Semantic segmentation has made much progress with increasingly powerful pixel-wise classifiers and incorporating structural priors via Conditional Random Fields (CRF) or Generative Adversarial Networks (GAN). We propose a simpler alternative that learns to verify the spatial structure of segmentation during training only. Unlike existing approaches that enforce semantic labels on individual pixels and match labels between neighbouring pixels, we propose the concept of Adaptive Affinity Fields (AAF) to capture and match the semantic relations between neighbouring pixels in the label space. We use adversarial learning to select the optimal affinity field size for each semantic category. It is formulated as a minimax problem, optimizing our segmentation neural network in a best worst-case learning scenario. AAF is versatile for representing structures as a collection of pixel-centric relations, easier to train than GAN and more efficient than CRF without run-time inference. Our extensive evaluations on PASCAL VOC 2012, Cityscapes, and GTA5 datasets demonstrate its above-par segmentation performance and robust generalization across domains.

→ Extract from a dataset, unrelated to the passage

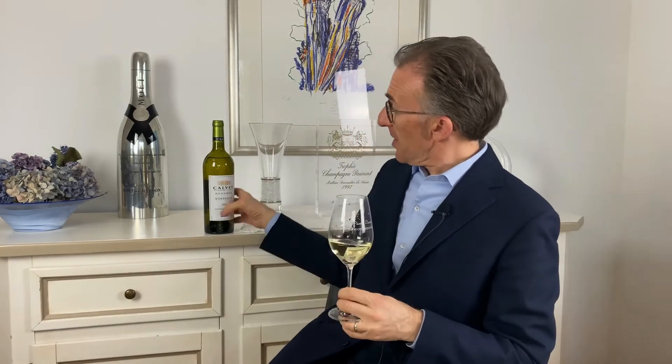It's a very good Sauvignon Blanc that we can match, for example, with shellfish, with oysters if you like, but also with any kind of fish — including fish from Eastern cuisine where you have a lot of aromas. Interestingly, it is also a wine that can be matched with some cheeses, especially sheep or goat cheese. So, Calvay Bordeaux Reserve Sauvignon Blanc 2020.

The per-pixel cross-entropy loss (CEL) has been widely used in structured output prediction tasks as a spatial extension of generic image classification. However, its i.i.d. assumption neglects the structural regularity present in natural images. Various attempts have been made to incorporate structural reasoning mostly through structure priors in a cooperative way where co-occuring patterns are encouraged. We, on the other hand, approach this problem from an opposing angle and propose a new framework for training such structured prediction networks via an adversarial process, in which we train a structure analyzer that provides the supervisory signals, the adversarial structure matching loss (ASML). The structure analyzer is trained to maximize ASML, or to exaggerate recurring structural mistakes usually among co-occurring patterns. On the contrary, the structured output prediction network is trained to reduce those mistakes and is thus enabled to distinguish fine-grained structures. As a result, training structured output prediction networks using ASML reduces contextual confusion among objects and improves boundary localization. We demonstrate that ASML outperforms its counterpart CEL especially in context and boundary aspects on figure-ground segmentation and semantic segmentation tasks with various base architectures, such as FCN, U-Net, DeepLab, and PSPNet.